Musical Trapeze Work – Virtuoso music for bassoon and strings

The grouping of one wind instrument with a string trio or quartet is a common one in the classical era, the best-known compositions being by W.A. Mozart for flute, oboe or clarinet and strings. island’s particular blend of instruments produces a unique and sonorous texture through the substitution of the bassoon’s deeper voice for the more common treble instrument. Together with string trio of violin, viola and cello, this combination results in a rich predominance of darker tenor colours.
Whilst Mozart himself sadly never wrote for this instrumentation, there are many compositions by masters such as Devienne, Danzi, Stamitz, Reicha and Krommer. Their music has a uniquely special charm. It is often highly virtuosic, with demanding bravura passage work and theatrical, ostentatious interplay between the instruments, especially bassoon and violin. The instruments compete as much in the expressive power of their melodic material as in virtuosity.

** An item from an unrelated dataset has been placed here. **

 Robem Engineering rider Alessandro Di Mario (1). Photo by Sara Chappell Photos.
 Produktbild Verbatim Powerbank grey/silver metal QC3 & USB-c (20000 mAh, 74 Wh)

There are movements of sincere cantabile tenderness, often poignant and soulful, as well as much humour and moments of true drama and suspense. This enchanting music has on the whole been neglected since the nineteenth century, when it was very popular amongst audiences and players alike. It is seldom performed and very few recordings exist, island’s recordings of quartets by Devienne, Danzi, Krommer and Reicha being the first made on period instruments. However in some ways this is not surprising. For example, the bassoon for which it was composed was a five or six-keyed instrument which hardly resembles in tone or technique the intricate machinery that is today’s Heckel bassoon. Each chromatic note, for which there is a specific key on the modern bassoon, has to be fingered by means of complicated cross-fingering patterns, each having its own specific tone-colour and attack.

The composers were well aware of these characteristics and exploited them to full musical effect rather than attempting to cover them up as faults. The modern wind-player’s philosophy of evenness and homogeneity throughout the instrument’s range easily reduces the broad spectrum their palettes to paint mere pretty music. These compositions pushed the nineteenth century musician to the extremes of his technical mastery and expressive capabilities, creating a tension and excitement which one easily misses when a modern player tosses them off, however flawlessly.
With these aspects in mind, Jane plays on a range of original 6-7-keyed bassoons from around 1800, made by instrument builders such as the Parisian Porthaux, and the Viennese Griesbacher, or faithful modern copies. In tune with general early music practice, the string players use instruments and bows from the eighteenth and nineteenth centuries or copies thereof, with gut strings, and without chin rests and cello end pin. For them also the widest range of colours and textures is paramount, as well as the possibility to blend with the bassoon’s less direct attack and focus. Wherever possible island plays from the original manuscripts or first editions to approach more closely the composers’ specific musical and expressive languages.
island concert programmes also include works for string trio, by lesser-known as well as celebrated masters, such as Beethoven, Mozart, Hummel and Schubert.